During the Kosovo crisis of last year, it was commonplace if not routine to hear two mantras being intoned by those who had decided that “never” would be about the right time to resist ethnic cleansing with a show of force. We were incessantly told (were we not?) that NATO’s action would drive the Serbs into the arms of Slobodan Milosevic. And we were incessantly told (were we not?) that the same NATO action would intensify, not alleviate, the plight of the Kosovar refugees. Now there has been an election that was boycotted by almost all Kosovars and by the government of Montenegro. And even with the subtraction of these two important blocs of opposition voters, it is obvious that Milosevic has been humiliated, exposed, unmasked, disgraced. The Kosovar population could boycott even these proceedings with confidence—because they are all now safely home and because the death squads of Greater Serbia cannot trouble them anymore….
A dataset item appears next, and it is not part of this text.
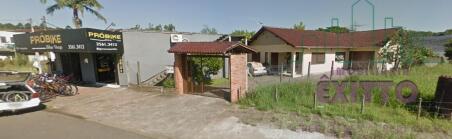 Casa com loja comercial a venda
The Serbian people have put us to shame this year by rejecting the phony choices offered them and by repudiating the politics of manipulation. In both countries, numerous parties and spokespeople were on the ballot and, when it mattered, voted across loyalty lines to secure the general point that an election ought not to be staged. What a contrast to the home of the brave, where public intellectuals run no risk in arguing that the regimentation of parties and the buying or fixing of primaries, conventions, debates and candidates is a secondary issue when compared with their own pet cause.